### YOUR GOAL
Reproduce the material below line by line, beginning with its first line and ending with the line that contains "The present appellant, who"; leave out pictures.

○ ○ ○

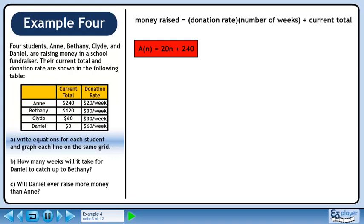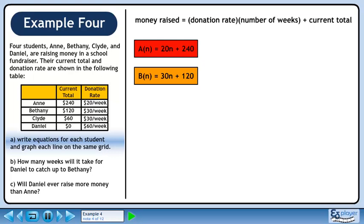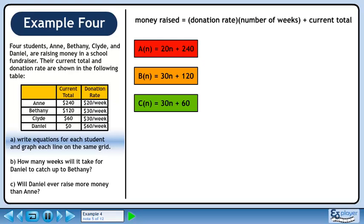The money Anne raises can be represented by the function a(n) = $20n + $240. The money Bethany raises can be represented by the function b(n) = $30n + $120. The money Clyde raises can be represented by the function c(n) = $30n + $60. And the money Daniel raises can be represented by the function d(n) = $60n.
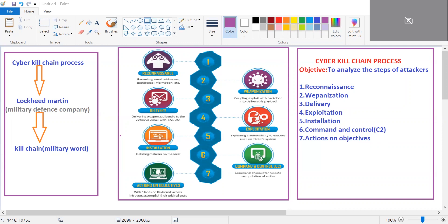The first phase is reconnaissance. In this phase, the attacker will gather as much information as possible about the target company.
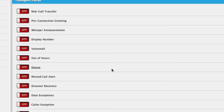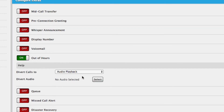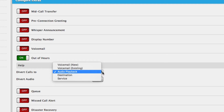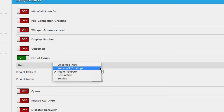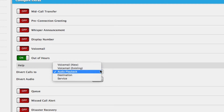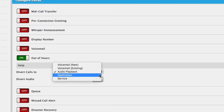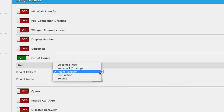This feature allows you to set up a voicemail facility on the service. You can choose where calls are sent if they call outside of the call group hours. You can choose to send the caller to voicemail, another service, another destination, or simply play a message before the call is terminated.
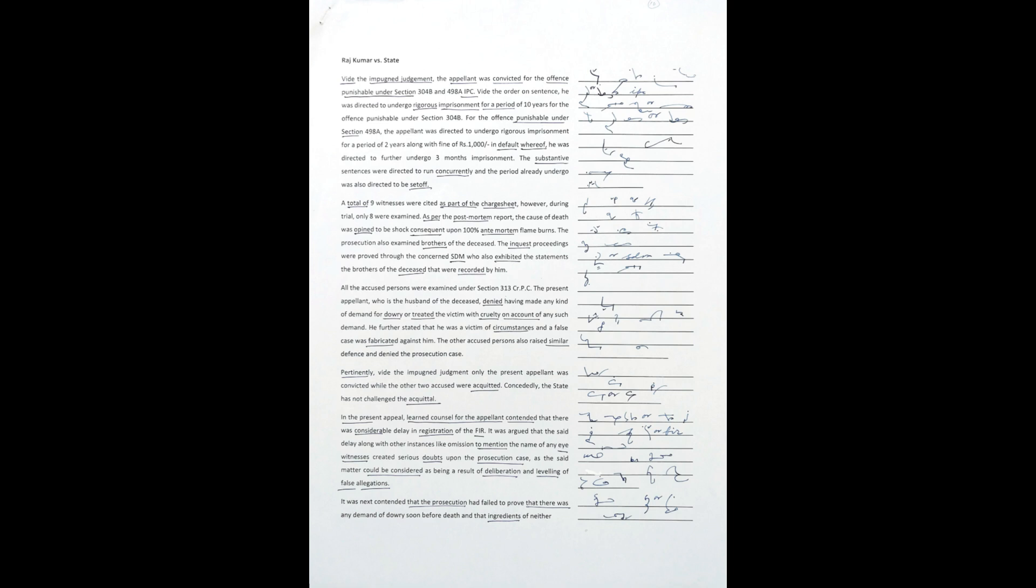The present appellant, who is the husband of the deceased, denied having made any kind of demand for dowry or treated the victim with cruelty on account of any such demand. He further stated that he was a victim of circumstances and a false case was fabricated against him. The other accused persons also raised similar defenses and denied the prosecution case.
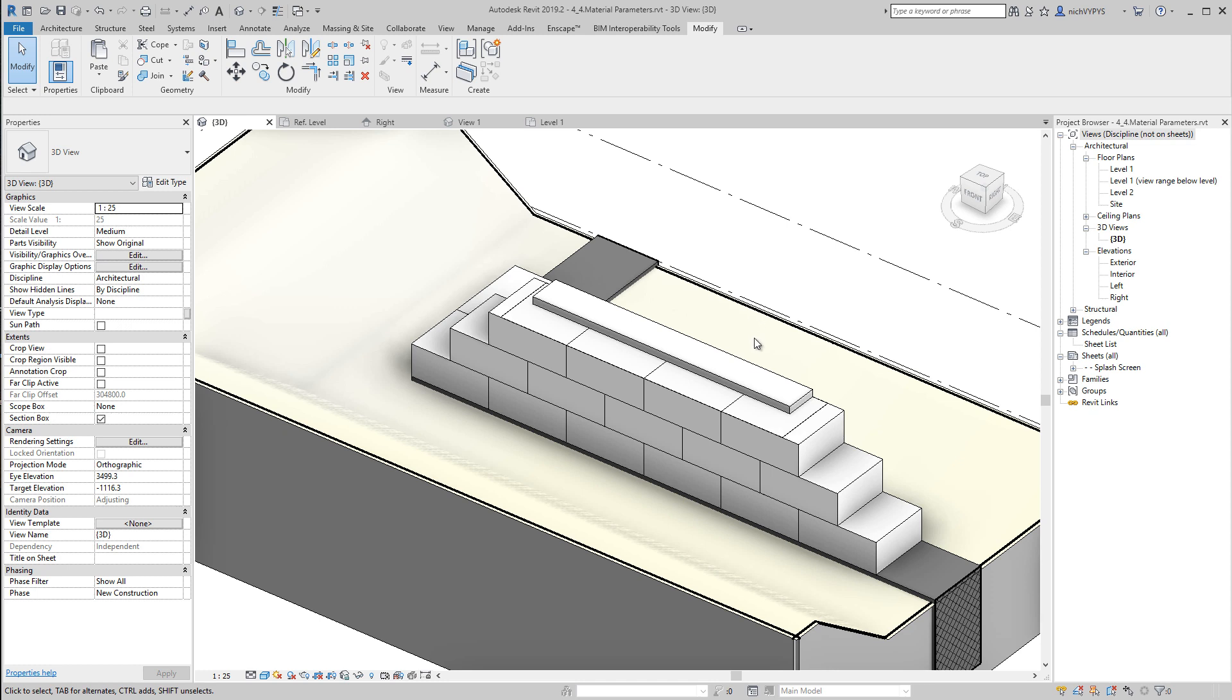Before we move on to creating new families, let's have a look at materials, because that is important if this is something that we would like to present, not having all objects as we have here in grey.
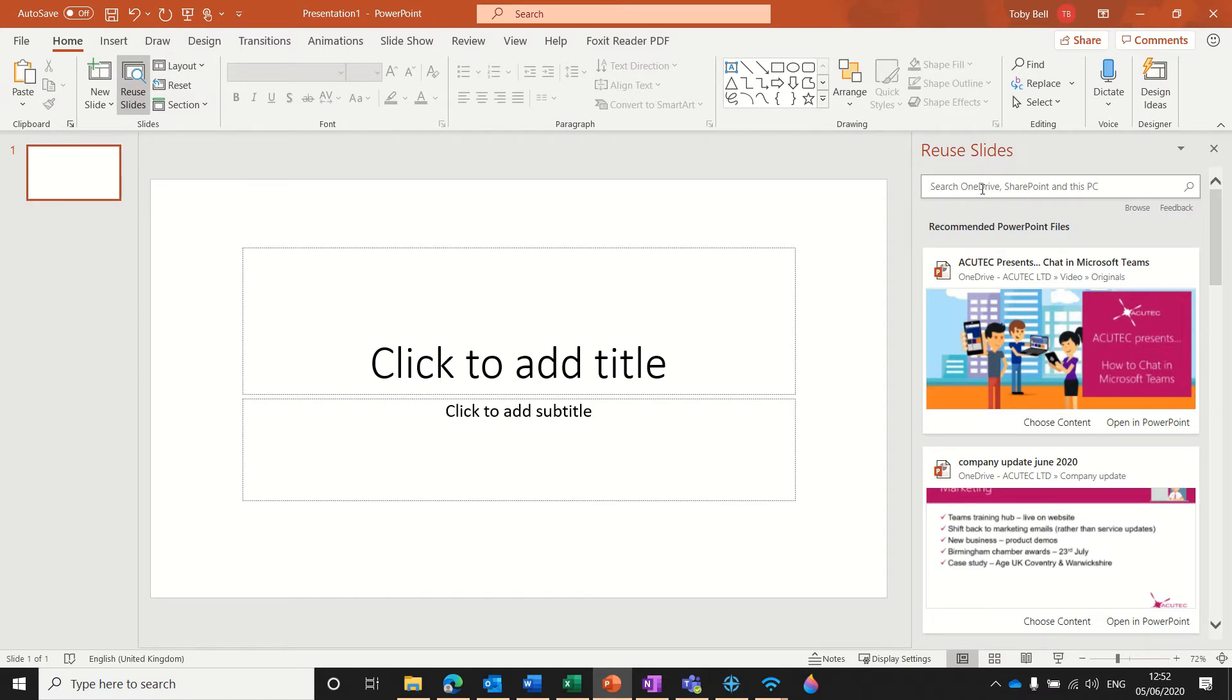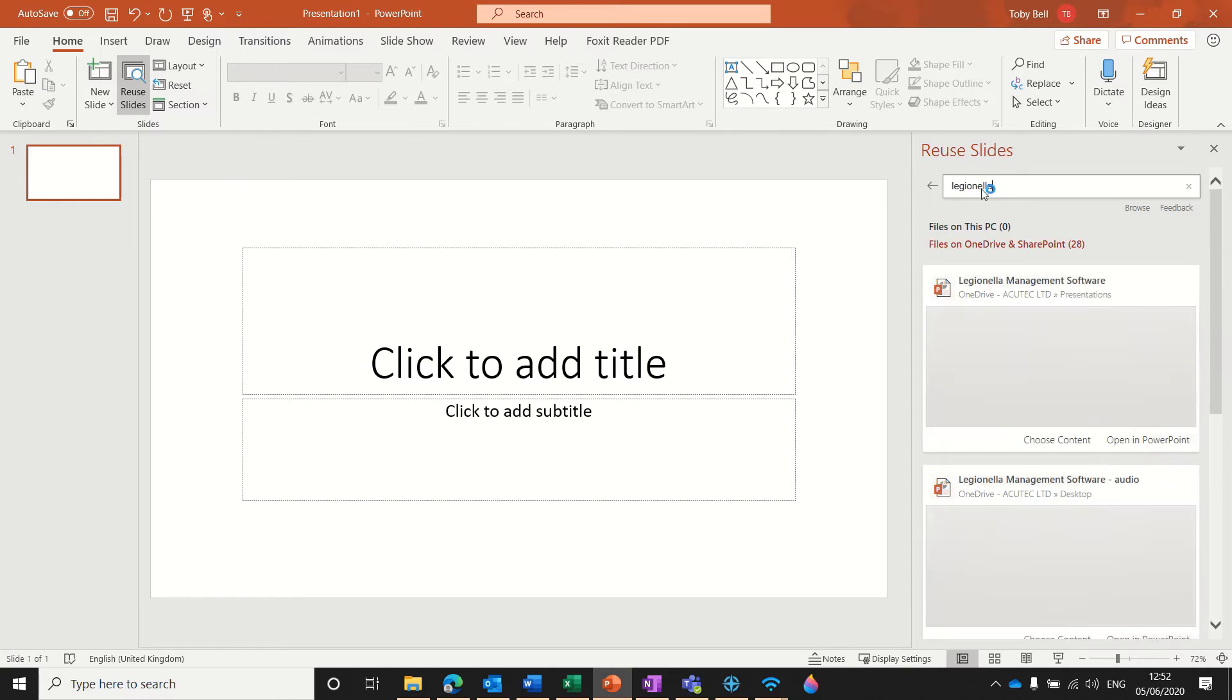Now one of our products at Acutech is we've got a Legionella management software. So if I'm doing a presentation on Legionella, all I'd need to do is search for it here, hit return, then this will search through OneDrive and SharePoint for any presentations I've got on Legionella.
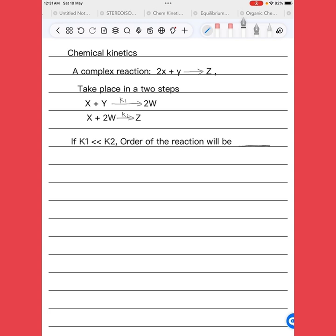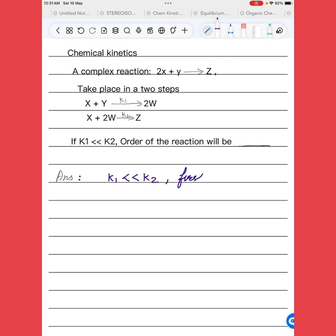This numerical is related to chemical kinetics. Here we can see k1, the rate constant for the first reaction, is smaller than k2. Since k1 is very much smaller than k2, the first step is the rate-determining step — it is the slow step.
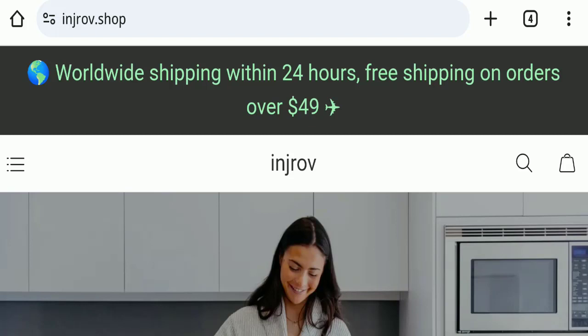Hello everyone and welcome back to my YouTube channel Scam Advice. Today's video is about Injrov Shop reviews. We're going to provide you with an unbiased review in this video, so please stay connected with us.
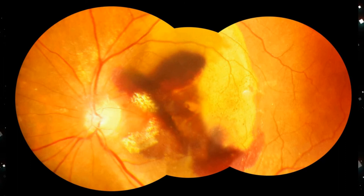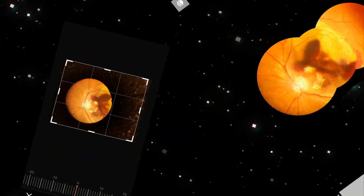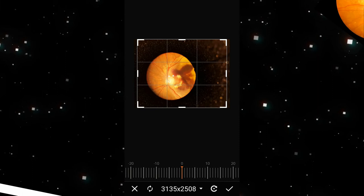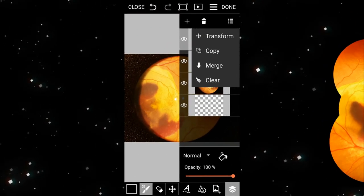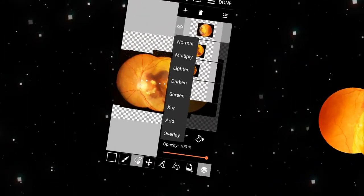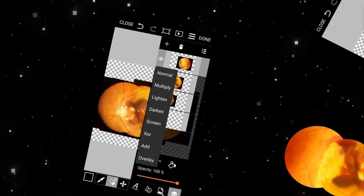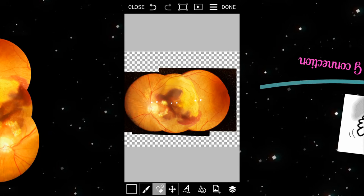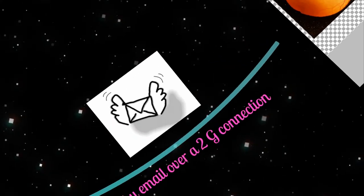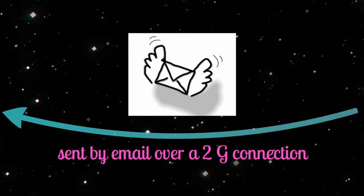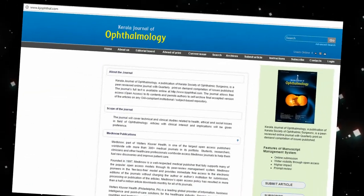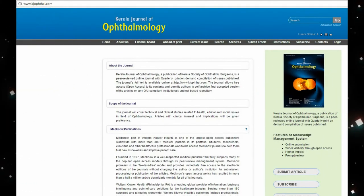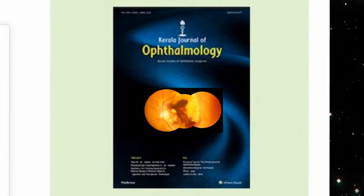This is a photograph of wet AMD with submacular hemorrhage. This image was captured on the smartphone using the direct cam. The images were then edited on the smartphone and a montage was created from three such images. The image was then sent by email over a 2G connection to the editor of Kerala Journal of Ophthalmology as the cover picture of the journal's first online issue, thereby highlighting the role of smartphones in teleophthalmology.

○ ○ ○

### RESULT OF THE EXERCISE
The money Anne raises can be represented by the function a(n) = $20n + $240. The money Bethany raises can be represented by the function b(n) = $30n + $120. The money Clyde raises can be represented by the function c(n) = $30n + $60. And the money Daniel raises can be represented by the function d(n) = $60n.
The first phase is reconnaissance. In this phase, the attacker will gather as much information as possible about the target company.
This feature allows you to set up a voicemail facility on the service. You can choose where calls are sent if they call outside of the call group hours. You can choose to send the caller to voicemail, another service, another destination, or simply play a message before the call is terminated.
The present appellant, who is the husband of the deceased, denied having made any kind of demand for dowry or treated the victim with cruelty on account of any such demand. He further stated that he was a victim of circumstances and a false case was fabricated against him. The other accused persons also raised similar defenses and denied the prosecution case.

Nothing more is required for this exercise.